Donc, quand je dis « mettre lumière sur ma ville » ça concerne tous les projets qui sont intéressants. C’est aussi pour montrer aux autres qu’on n’est pas obligés de quitter le Sud pour faire quelque chose d’artistique, ou n’importe quel autre métier. Il y en a qui vont y aller pour monter de grosses structures parce qu’il y a plus de monde, mais il faut juste « éduquer », même si je n’aime pas ce terme. Ce n’est pas du tout la même mentalité ici et à Paris, et il faut trouver quelque chose qui va dans le sens de la mentalité des Toulousains.
Dans « Perle rare » tu confies cette fois « On est trois dans ma tête, donc même tout seul je m’amuse ». Quelles sont ces trois personnalités ?

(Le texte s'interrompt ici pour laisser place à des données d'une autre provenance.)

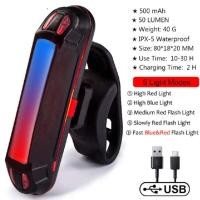 ราคา ไฟท้ายจักรยาน IPX 5กันน้ำ USB ชาร์จได้ไฟเตือน LED ติดท้ายจักรยานเพื่อความปลอดภัยอุปกรณ์เสริมสำหรับจักรยานจำนวน1ชิ้น (11673710139)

Il n’y en a que deux qui ne sont pas confidentielles. Moi, WarEnd. Enchanté. Et John. John, on sait très peu de choses sur lui. C’est mon alter ego. Celui qui va se nourrir de toutes mes peurs, mes peines, ma rage. Ce qui m’évite de m’énerver ou d’avoir de la haine en permanence. Il est là pour mon bien, il me protège. À aucun moment il ne prend le dessus, j’ai toujours eu le contrôle sur tout. Quand je reçois une information qui peut être dérangeante pour moi, ça me permet d’arriver à l’assimiler. Alors je prends du recul sur la situation et je vais la gérer, peu importe le temps que ça prend. Et ensuite, j’accepte. Puis j’avance.
Sur l’origine et la naissance de John, pour l’instant, rien n’a été dévoilé. Il y a quelques indices dans certains des morceaux que j’ai pu faire, comme « Baltimore », qui est présent dans mon EP « Spécimen ». C’est prévu dans ma DA, je suis le seul à savoir ça. La troisième personne, je n’en parlerai pas.
La phrase « Là c’est dur d’être concentré » revient dans l’intro de pas mal de tes titres. Tu l’as également floquée sur les vêtements de ton merch. Pourquoi c’est dur d’être concentré ?
Ça fait partie de moi, j’ai beaucoup de mal à me concentrer en règle générale. Mais si je mets à fond dans quelque chose, je peux me concentrer et taffer. Je suis quand même souvent dissipé. Je peux vite perdre le fil d’une conversation ou même oublier des choses importantes.
La petite histoire de la phrase « Là c’est dur d’être concentré », c’est qu’un soir, il y a peut-être 4 ou 5 ans, j’étais en train de poser un texte au micro, et au bout de quatre fois, je bloque au même endroit sur un couplet, alors que j’ai le texte sous les yeux. Et en faisant le trajet du micro à l’ordinateur, je dis « Là c’est dur d’être concentré », sur un ton frustré. Au final, quand je l’ai entendu dans le son, j’ai trouvé ça génial, ça me ressemblait beaucoup. Du coup je l’ai gardé.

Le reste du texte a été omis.